この国際石油・ガス生産者協会の資料は当ブログの「貯蔵タンクにおける事故の発生頻度」(2015年12月)を参照。発生頻度の表現が異なるが、数値は同じである。
所 感
■ 2017年8月末にテキサス州を襲ったハリケーン・ハービーによってテキサス湾岸地域の浮き屋根式貯蔵タンクを15基以上損傷させたという。その中で、浮き屋根式貯蔵タンクの屋根沈降による大気汚染や流出油の問題が起こった。この資料は、ハリケーン襲来1年後の2018年9月に発表されたものである。
レーダー式レベル計はすでに世の中に出回っているので、新技術ではないが、浮き屋根式貯蔵タンクの屋根の傾きを計測する点が注目される。
■ 資料では、計測精度に影響する要因を考慮する必要があるとし、これらの要因の例としてつぎのような事項をあげている。

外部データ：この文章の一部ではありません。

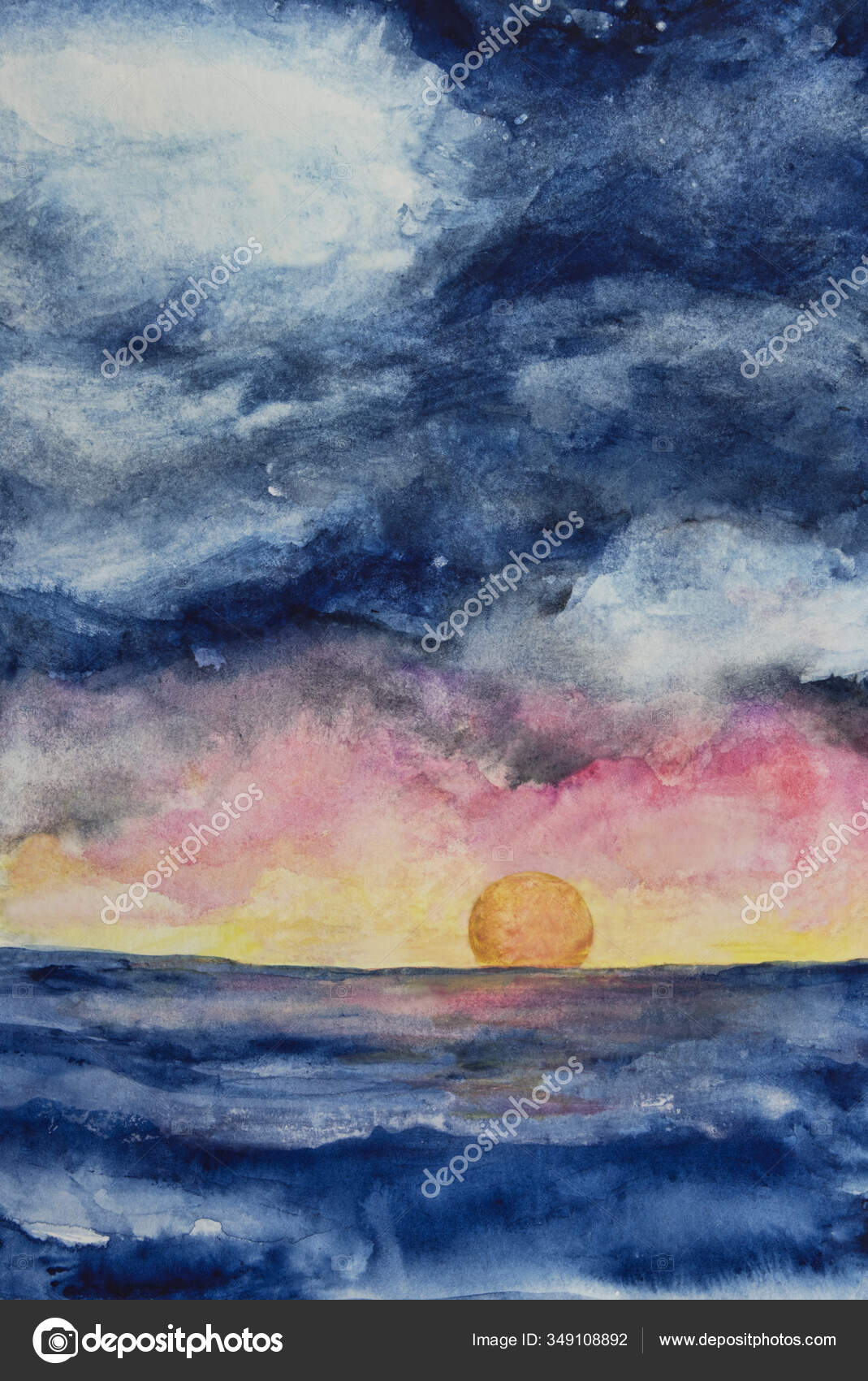Watercolor Illustration Painting Sun Setting Sea Dramatic Clouds Stock Photo Image By C Mcornelius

● タンク側板と屋根の動き・・・大型の貯蔵タンクでは、日に当たるところと影のところによって熱膨張あるいは熱収縮があるので、屋根と側板には常にわずかな動きがある。
● 気象条件・・・強風や雨によって、スイベルアーム、浮き屋根、タンク側板がわずかに動いたり、傾いたりすることがある。
● タンクの充填レベル・・・タンクに液体が充填されていくと、タンク側板が膨らみ、側板に取付けられた計測器が動く。
● 浮き屋根に存在する固有の問題・・・浮き屋根が100%レベルになることはない。完璧な状態でも、多少の傾きは常に存在する。
この点は単なるアイデアだけでなく、実際のタンクの状況を認識して開発してきたことが伺える。
備 考
本情報はつぎのインターネット情報に基づいてまとめたものである。
・Prsync.com,
Avoiding Floating Roof Storage Tank Incidents, September 28, 2018
・Processonline.com.au,
Floating roof monitoring using radar technology —
Part 1, Part2, October 01, 2019
後 記: 初めは新しい計器の宣伝のような気がしてブログの掲載は躊躇(ちゅうちょ)していましたが、最近、タンクの事故情報をあまり聞かないので、まとめてみようかと思い立ちました。まとめてみると、システムの精度とアラーム制限などなかなか興味深いところもありました。日本では、大型貯蔵タンクの建設案件はありませんので、このような新しい計器の導入環境としては厳しいのですが、世界的に見ると、新しいタンクターミナル建設はあり、このようなところでは、前向きに導入を考えるでしょう。